↓
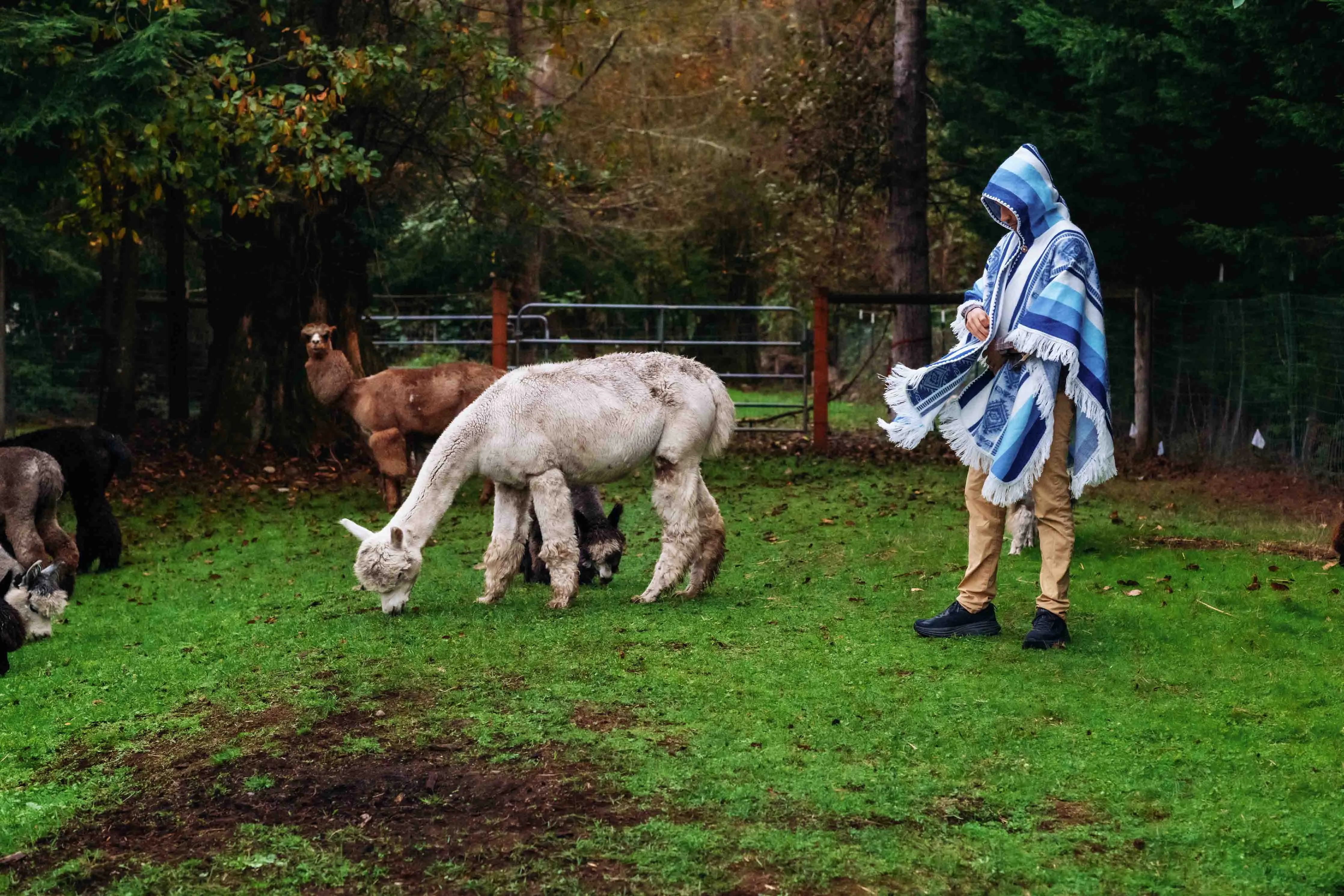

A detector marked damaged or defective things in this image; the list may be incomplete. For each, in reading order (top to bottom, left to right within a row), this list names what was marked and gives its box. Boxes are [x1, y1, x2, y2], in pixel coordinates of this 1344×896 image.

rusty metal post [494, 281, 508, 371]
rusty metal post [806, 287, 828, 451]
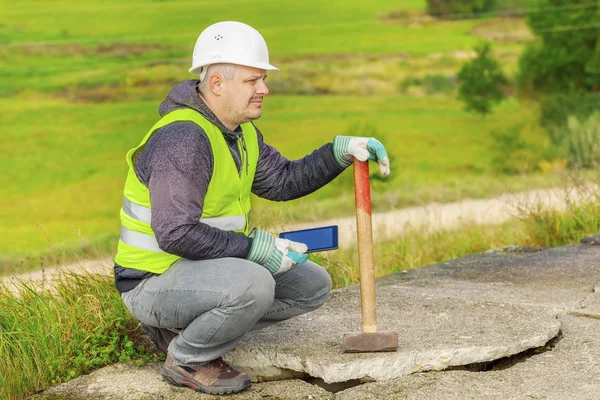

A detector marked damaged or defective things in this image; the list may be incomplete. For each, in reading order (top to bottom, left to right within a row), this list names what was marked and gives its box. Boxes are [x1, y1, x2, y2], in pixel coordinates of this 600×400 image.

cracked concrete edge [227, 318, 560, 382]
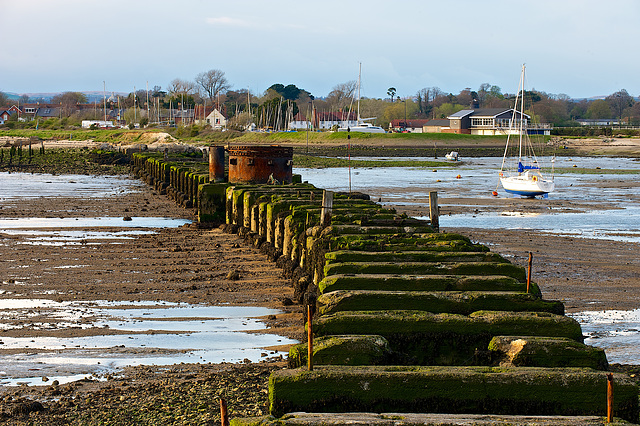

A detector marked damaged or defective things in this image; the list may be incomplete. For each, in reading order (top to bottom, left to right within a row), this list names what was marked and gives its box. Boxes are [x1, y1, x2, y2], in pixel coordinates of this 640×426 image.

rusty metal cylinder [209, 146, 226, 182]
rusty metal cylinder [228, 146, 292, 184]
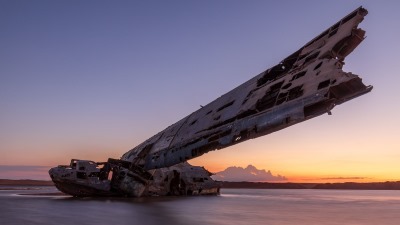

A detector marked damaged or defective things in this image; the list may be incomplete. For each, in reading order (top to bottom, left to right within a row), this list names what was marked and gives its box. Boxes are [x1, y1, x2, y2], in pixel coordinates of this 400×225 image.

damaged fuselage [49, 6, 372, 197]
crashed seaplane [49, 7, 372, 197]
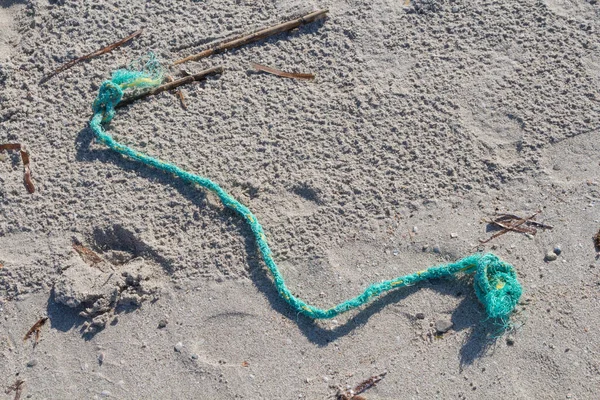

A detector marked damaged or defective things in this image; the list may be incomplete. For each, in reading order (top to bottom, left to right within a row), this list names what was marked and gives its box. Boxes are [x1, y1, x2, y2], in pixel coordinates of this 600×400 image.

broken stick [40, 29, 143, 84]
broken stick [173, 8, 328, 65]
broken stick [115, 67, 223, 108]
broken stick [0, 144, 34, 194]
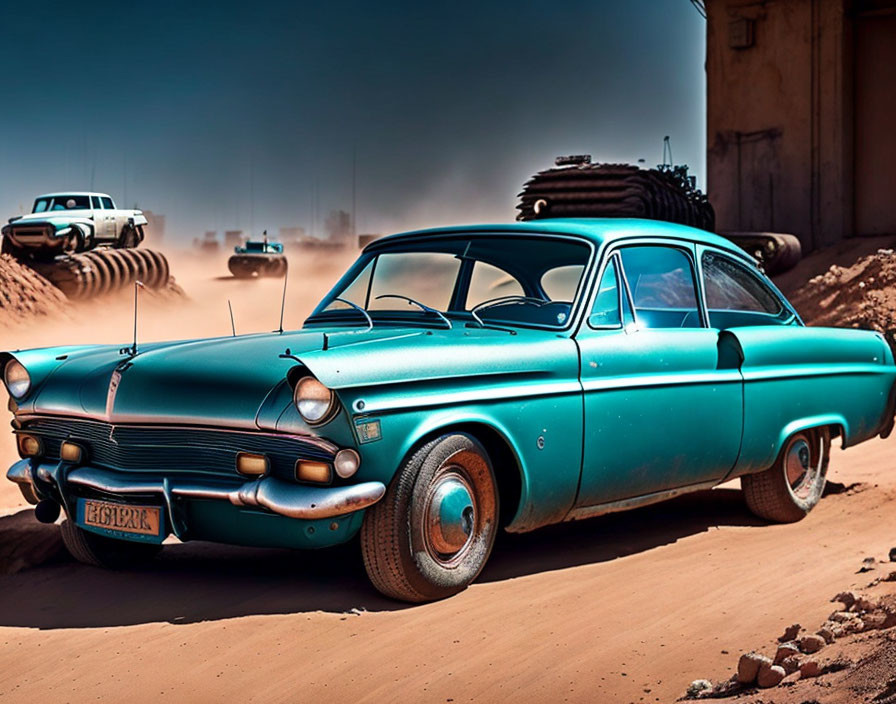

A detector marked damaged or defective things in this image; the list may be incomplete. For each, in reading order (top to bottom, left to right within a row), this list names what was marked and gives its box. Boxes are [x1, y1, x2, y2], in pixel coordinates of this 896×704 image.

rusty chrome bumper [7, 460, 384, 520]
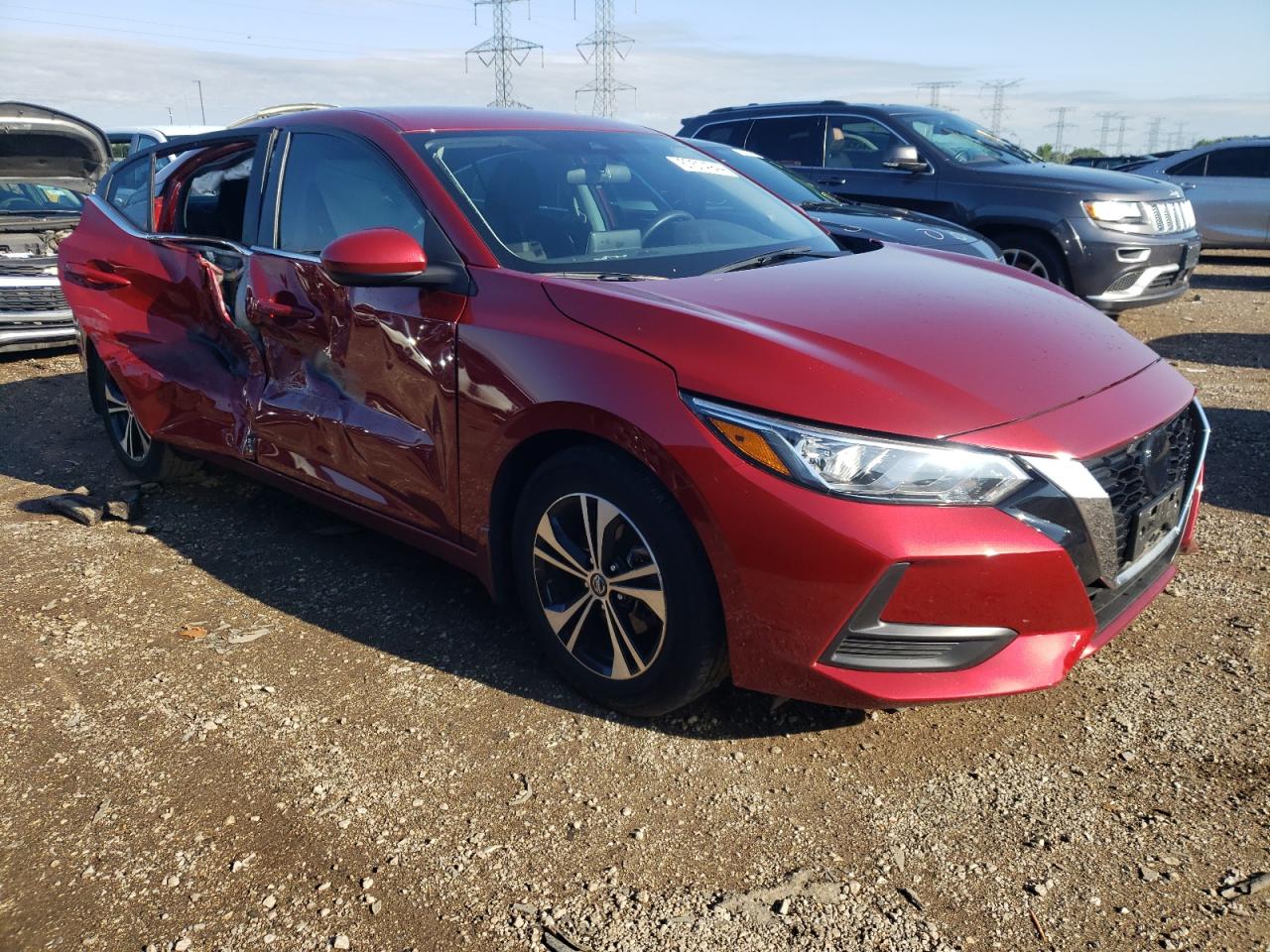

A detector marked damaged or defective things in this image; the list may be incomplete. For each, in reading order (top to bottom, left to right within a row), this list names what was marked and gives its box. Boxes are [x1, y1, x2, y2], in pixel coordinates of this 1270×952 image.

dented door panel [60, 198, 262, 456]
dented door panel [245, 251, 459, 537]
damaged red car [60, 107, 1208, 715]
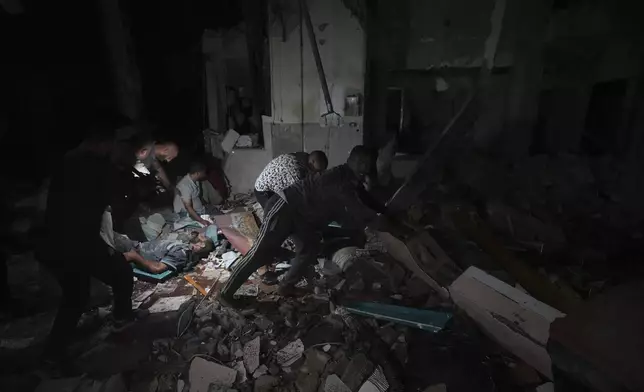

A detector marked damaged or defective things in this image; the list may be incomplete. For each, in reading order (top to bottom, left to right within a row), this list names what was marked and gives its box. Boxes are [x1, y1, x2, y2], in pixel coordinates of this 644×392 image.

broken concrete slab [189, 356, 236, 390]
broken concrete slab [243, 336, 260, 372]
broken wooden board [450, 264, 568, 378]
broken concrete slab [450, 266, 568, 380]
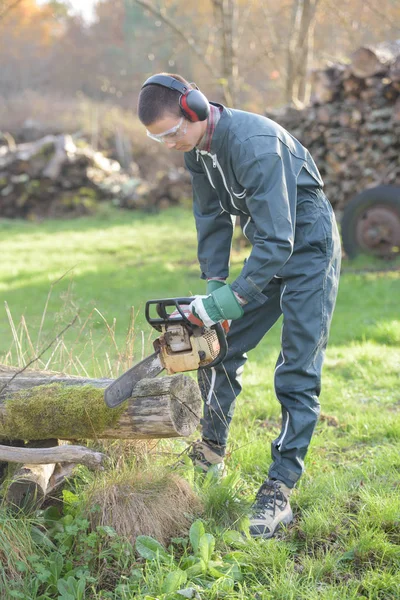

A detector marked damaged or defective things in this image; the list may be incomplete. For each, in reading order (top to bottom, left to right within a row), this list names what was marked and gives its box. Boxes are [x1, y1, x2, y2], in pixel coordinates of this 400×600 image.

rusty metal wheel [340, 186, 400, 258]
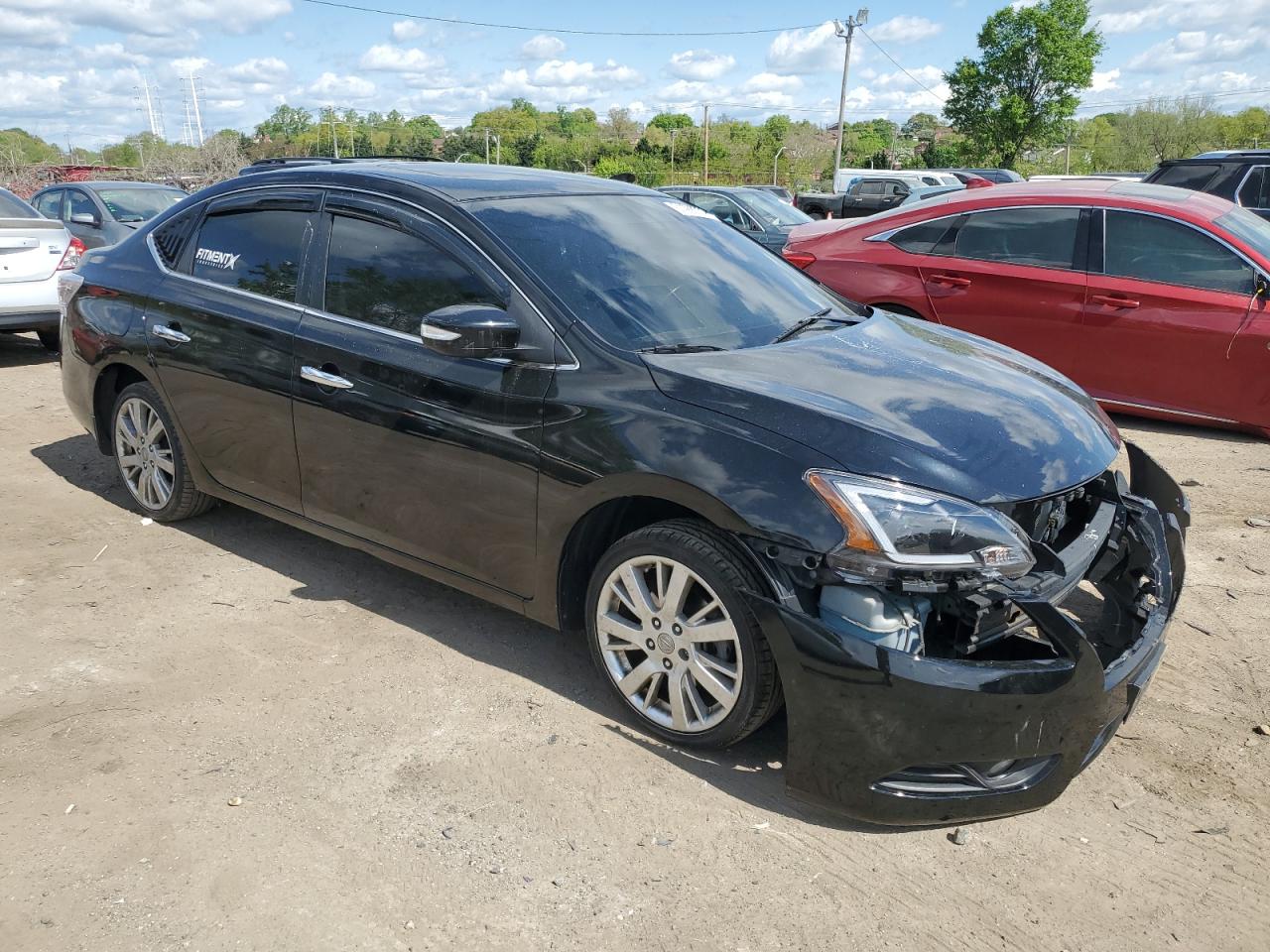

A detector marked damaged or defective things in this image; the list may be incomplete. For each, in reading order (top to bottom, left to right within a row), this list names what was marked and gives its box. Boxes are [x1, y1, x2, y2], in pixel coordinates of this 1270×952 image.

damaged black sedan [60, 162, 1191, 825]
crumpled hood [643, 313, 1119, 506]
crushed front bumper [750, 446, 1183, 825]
↑
Task requirements:
The required answer is the material repeated exactly, with no images in it.

Result below:
A detector marked damaged or defective things in this image; the list may be incomplete. For each, in reading order (top to bottom, left to right within a row), this list names what was marked and gives its box. Boxes are [x1, y1, x2, y2], in pixel coordinates of this 1344×896 image.

rusty metal post [494, 281, 508, 371]
rusty metal post [806, 287, 828, 451]

A detector marked damaged or defective things in this image; the list may be incomplete. For each, in reading order (top to bottom, left to right within a row), this list names what was marked and gives its box. Boxes are [x1, y1, x2, y2], in pixel coordinates of this 600×400 image.

cracked concrete edge [227, 318, 560, 382]

A detector marked damaged or defective things in this image; the list may be incomplete. For each, in reading order (top to bottom, left to right within a row), this list names what was marked and gives its box. Boxes are [x1, y1, x2, y2], in pixel coordinates of this 640×426 image.

rusty metal cylinder [209, 146, 226, 182]
rusty metal cylinder [228, 146, 292, 184]

A detector marked damaged or defective things in this image; the list may be incomplete. For each, in reading order (top to bottom, left to right within a row), this list names what was marked and gives its box. Boxes are [x1, y1, x2, y2], in pixel coordinates of this 400×225 image.

damaged fuselage [49, 6, 372, 197]
crashed seaplane [49, 7, 372, 197]

A detector marked damaged or defective things in this image; the list may be incomplete. For each, in reading order (top to bottom, left to right within a row), this list names what was marked and gives its box. Boxes are [x1, y1, x2, y2], in pixel coordinates of this 600×400 image.

broken stick [40, 29, 143, 84]
broken stick [173, 8, 328, 65]
broken stick [115, 67, 223, 108]
broken stick [0, 144, 34, 194]

A detector marked damaged or defective things in this image; the list may be incomplete. For each, in reading order (top to bottom, left to right within a row), this list names what was marked and gives its box. Boxes are [x1, y1, x2, y2], in pixel coordinates of this 896×704 image.

rusty chrome bumper [7, 460, 384, 520]

A detector marked damaged or defective things in this image; the list may be incomplete. For each, in reading order (top to bottom, left to right within a row), this list names what was marked and gives its box. Boxes are [x1, y1, x2, y2], in pixel coordinates of this 1270×952 image.

dented door panel [60, 198, 262, 456]
dented door panel [245, 251, 459, 537]
damaged red car [60, 107, 1208, 715]

A detector marked damaged or defective things in this image; the list may be incomplete. For each, in reading order (top to bottom, left to right within a row), this list names what was marked and gives its box. Boxes are [x1, y1, x2, y2], in pixel coordinates of this 644×392 image.

broken concrete slab [189, 356, 236, 390]
broken concrete slab [243, 336, 260, 372]
broken wooden board [450, 264, 568, 378]
broken concrete slab [450, 266, 568, 380]

A detector marked damaged or defective things in this image; the list may be incomplete. For each, in reading order (top to bottom, left to right within a row), this list names what was marked and gives its box. Boxes are [x1, y1, x2, y2], in pixel coordinates of this 400×600 image.

rusty metal wheel [340, 186, 400, 258]

A detector marked damaged or defective things in this image; the list may be incomplete. For each, in reading order (top to bottom, left to right within a row), this list names what was marked and gives its box. Boxes are [x1, y1, x2, y2], in pixel coordinates of this 1270×952 image.

damaged black sedan [60, 162, 1191, 825]
crumpled hood [643, 313, 1119, 506]
crushed front bumper [750, 446, 1183, 825]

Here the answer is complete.